Gender stereotypes have become normal and supposedly funny topics of conversation. We're supposed to laugh about how women nag their significant others or can't drive as if it's all in good fun, when really it's not because it perpetuates beliefs used as evidence for our inferiority.
Women are taught that their worth lies in their looks, and if they don't have the body, face, or skin color that is considered "attractive," they are worthless. Images of women's bodies literally separated from their faces or made into household objects remind us that providing sexual pleasure is all we're good for. On top of that, we're taught that our power comes from our ability to give or deny sex — and that we need to deny it in order to preserve our value.
13. The Wage Gap
Even if you're making enough money to pay the bills, you may, like Jennifer Lawrence, be making less than your male coworkers without even realizing it.

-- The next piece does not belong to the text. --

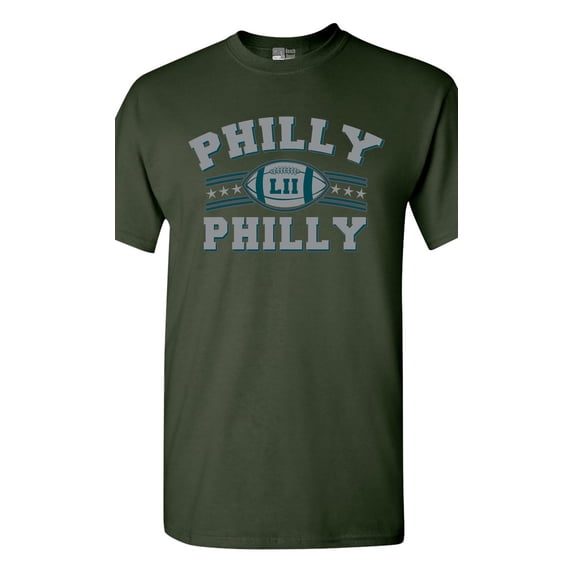Philly Philly Philadelphia Football DT Adult T-Shirt Tee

Women make 77 percent of what men do for working full-time, which reflects both a lack of women in high-paying positions and a disparity in wages for the same positions.
14. Implicit Bias
Whether people admit it or not, they will treat people differently because they are women in social settings and in the workplace. Even women themselves do this. In one study published in the Proceedings of the National Academy of Sciences, STEM professors were less likely to hire a fictional candidate named Jennifer for a lab manager position than one named John, even though the applications were identical. They also offered "John" more money. This pattern existed regardless of the professor's gender. Even when presented with evidence like this, men have trouble trouble believing gender bias is real, which makes it that much harder to combat.
When we try to call out all the behaviors above, we get told we are too easily offended or being the PC police. And because this leads us to silently accept injustice rather than speak out about it, it's an insidious microaggression in of itself.